その顔色が青白いのは、日に焼けることもなく、そして血を啜って生きているためか。でも、他には服装が神父服ではなくなったという以外の変化はない。
「こうやって会うのは、神学校以来かな」
「そう、だね。直接顔を合わせたのは、そこが最後かな」
マクスウェルが普通に話しかけてきているのに丁寧語はおかしいかと、ラグランスはぎこちなく返した。するとマクスウェルはにこっと笑った。
「君も、あの場面を見たのかい?」
「――」
いきなりの攻撃に、ラグランスは息を飲んでしまった。おかげで、ばっちりその場面を見ていたことを知られてしまう。
「そうか。それでも話し合いたいと来たわけだね」
「あ、ああ」
倒したいのではない。話し合いたい。それはずっと持ち続けてきた思いだ。どうして吸血鬼に堕ちてしまったのか。それが納得できないからこそ、こうして顔を合わせて話し合いがしたかった。
「ふむ。君の率直な気持ちは読み取れた」
「え?」
「ゴルドンから聞いていないのか。俺は他者の考えを読み取ることが出来るんだ。それで、敵かどうか判断している」
「あっ、えっ?」
そうだったっけ。たしか、ゴルドンは記憶を読み取れると説明していたように思うが。
「おや? 昨日のことで気づいたと思っていたんだが、違ったようだね。記憶と説明したのは、怖がらせないためさ。もちろん記憶を読み取ることも可能だ。でも、会話している相手の心の中を覗き見ることもできる」
「なるほど」
たしかに相手に感情が筒抜けだと解れば、なかなか信用を得ることは出来ないだろう。隠すのは仕方がないと思えた。なるほど、昨日ゴルドンが僅かにラグランスに同情しただけで敵意を見せたのも、そうやって心の動きが手に取るように読めるためなのか。
「ふふっ」
すると、そんなラグランスの思考を読んだのかマクスウェルが笑った。そして、その顔から完全に警戒する色合いが消える。

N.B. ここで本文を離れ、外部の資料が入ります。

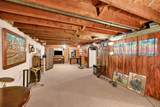 4520 144th St - Photo 17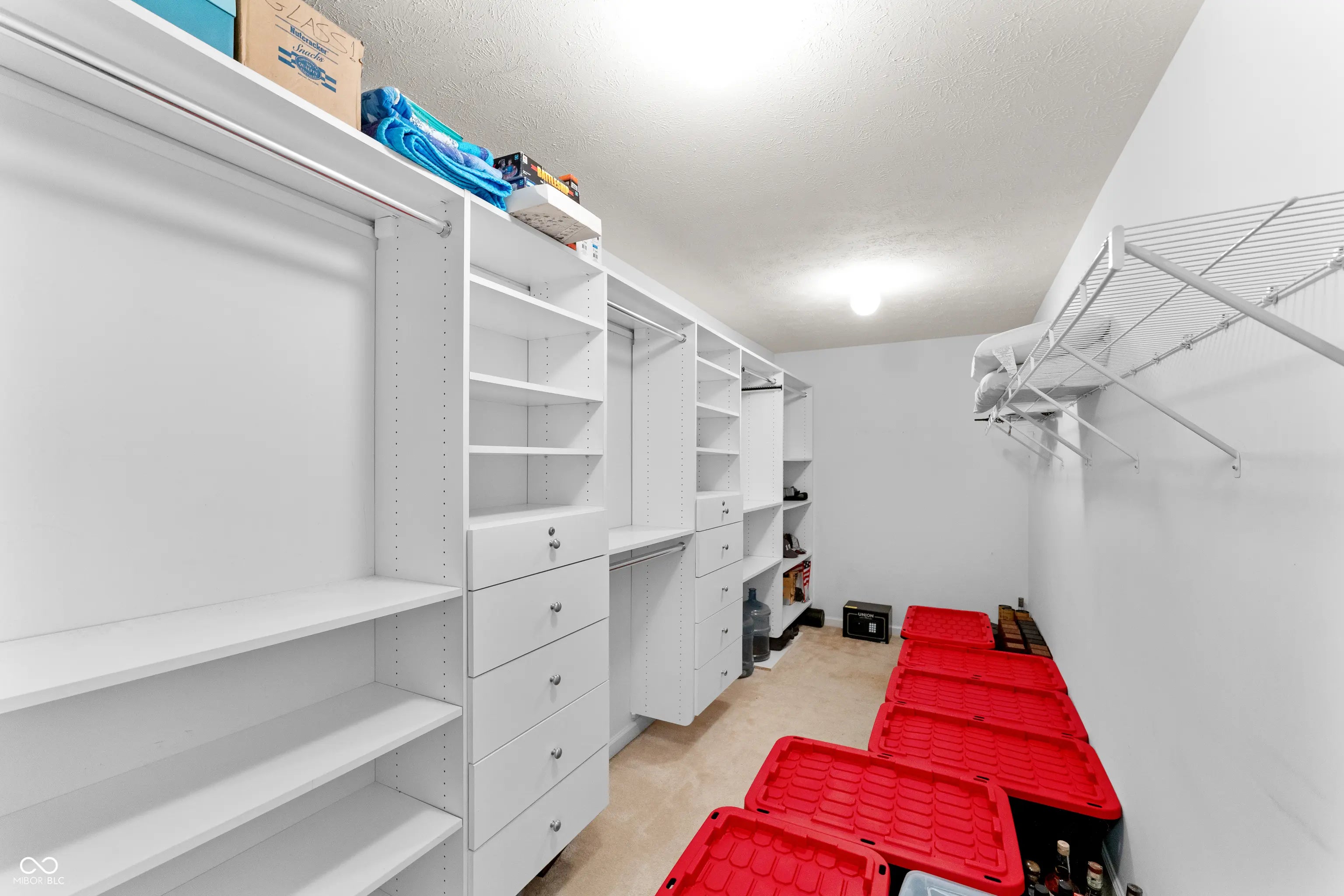 3058 Mcintosh Drive MLS 22047897 Harvest Grove photo 37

「君は相変わらずのようで安心したよ。よく魔導師になれたな」
「あ、うん。三浪したんだよね」
「それはゴルドンから聞いていたが――そうしないと、俺に会えないと思ったのかい?」
「いや、これは、憧れで」
ラグランスは魔導師のマントを掴んで、ちょっと恥ずかしくなる。魔導師になろうと思ったのは、マクスウェルを追い掛けてのことだ。その後に吸血鬼に堕ちたなんて関係なく、ずっと目標だった。だから、まずは魔導師になろう。そう決めたに過ぎない。
「ふうむ。それでラグランス。そうまでして俺に会いに来たのは、俺の罪は何かを聞くためだと」
「え、あ、うん。それで、力になれることがあればって」
「ふうん」
マクスウェルとしても、こんなに緩く会談が進むとは思っていなかったから、どうにも調子が掴めなかった。

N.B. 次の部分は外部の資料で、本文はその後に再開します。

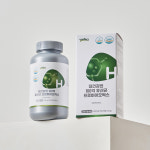 (10개월) 장건강엔 100억 유산균 프로바이오틱스 : 웰러스 공식몰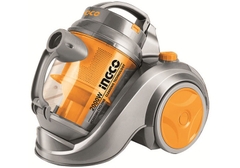 MÁY HÚT BỤI INGCO - VC20258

いくらお人好しでも、吸血鬼相手に優しくしようとは思わないだろうと考えていた。が、ラグランスのお人好しはマクスウェルには計り知れないほどのものだった。ここまで普通に接せられると、自分が本当に吸血鬼なのか、それさえも解らなくなりそうだ。それに、ラグランスが自分に向けてくる特別な感情にも戸惑ってしまう。
「でも、君は俺を許せないんだろ? 人間を食らって生きる化け物である俺を許せない」
だから、動揺を誘おうとそう投げつける。ここでラグランスとの距離を詰めるつもりは毛頭なかった。ただ、決定的に堕ちる方を望む。罪を知りたいというのならば、総てを教えて軽蔑させるだけだ。
「それは――もちろん」
だが、ラグランスは簡単には動揺してくれない。相手に隠し事は出来ないんだったと、ラグランスは素直に頷いた。しかも、目の前にマクスウェルがいるせいで、片想いの気持ちがどんどん膨れ上がってしまう。